▸ Task prompt:
Return the number of lines below that contain "With"; nothing else belongs in the reply.

○ ○ ○ ○ ○

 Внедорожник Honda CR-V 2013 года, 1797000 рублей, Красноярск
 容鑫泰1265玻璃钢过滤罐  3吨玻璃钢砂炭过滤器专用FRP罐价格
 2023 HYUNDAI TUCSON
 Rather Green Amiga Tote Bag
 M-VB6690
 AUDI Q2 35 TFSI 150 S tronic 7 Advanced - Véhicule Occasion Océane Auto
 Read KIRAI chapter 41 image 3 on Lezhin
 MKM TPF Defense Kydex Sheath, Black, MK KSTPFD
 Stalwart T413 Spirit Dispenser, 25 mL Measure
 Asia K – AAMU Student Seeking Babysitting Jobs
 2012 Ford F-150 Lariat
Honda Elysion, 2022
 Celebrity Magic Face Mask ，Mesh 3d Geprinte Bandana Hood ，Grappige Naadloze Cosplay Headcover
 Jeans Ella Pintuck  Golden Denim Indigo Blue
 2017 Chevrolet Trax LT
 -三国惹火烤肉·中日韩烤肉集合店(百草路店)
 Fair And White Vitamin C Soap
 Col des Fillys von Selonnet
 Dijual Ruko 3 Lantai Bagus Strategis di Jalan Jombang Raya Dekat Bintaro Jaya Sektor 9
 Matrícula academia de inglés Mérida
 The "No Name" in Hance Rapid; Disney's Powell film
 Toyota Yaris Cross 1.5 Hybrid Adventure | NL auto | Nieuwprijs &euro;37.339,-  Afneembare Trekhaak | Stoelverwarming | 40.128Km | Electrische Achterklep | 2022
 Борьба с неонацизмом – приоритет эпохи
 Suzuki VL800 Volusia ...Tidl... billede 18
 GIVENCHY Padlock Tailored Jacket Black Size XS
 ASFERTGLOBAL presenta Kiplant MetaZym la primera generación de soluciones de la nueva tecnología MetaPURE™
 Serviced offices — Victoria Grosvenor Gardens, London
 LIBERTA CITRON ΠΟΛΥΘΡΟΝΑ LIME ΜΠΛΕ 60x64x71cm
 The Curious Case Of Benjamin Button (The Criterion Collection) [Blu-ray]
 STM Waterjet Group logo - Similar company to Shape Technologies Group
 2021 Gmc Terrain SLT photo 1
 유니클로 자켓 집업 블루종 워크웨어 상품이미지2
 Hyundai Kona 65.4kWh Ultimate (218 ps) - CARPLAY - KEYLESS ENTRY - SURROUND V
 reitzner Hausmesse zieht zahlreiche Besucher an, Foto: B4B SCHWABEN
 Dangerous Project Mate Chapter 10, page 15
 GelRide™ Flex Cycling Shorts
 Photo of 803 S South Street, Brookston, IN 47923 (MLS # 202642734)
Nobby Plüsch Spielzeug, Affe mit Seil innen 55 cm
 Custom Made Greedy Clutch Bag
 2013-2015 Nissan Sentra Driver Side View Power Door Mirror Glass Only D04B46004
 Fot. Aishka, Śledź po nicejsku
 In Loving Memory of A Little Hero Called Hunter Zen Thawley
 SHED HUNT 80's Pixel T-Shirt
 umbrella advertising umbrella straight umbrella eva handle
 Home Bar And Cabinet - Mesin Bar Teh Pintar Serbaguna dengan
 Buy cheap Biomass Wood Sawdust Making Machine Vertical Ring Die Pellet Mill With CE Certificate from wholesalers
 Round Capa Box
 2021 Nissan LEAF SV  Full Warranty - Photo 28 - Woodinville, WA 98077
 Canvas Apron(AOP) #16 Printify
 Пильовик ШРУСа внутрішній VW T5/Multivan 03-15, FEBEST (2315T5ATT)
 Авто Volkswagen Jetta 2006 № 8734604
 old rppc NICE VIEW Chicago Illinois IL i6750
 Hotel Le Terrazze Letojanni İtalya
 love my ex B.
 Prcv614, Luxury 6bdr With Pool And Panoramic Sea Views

○ ○ ○ ○ ○

▸ Answer:
2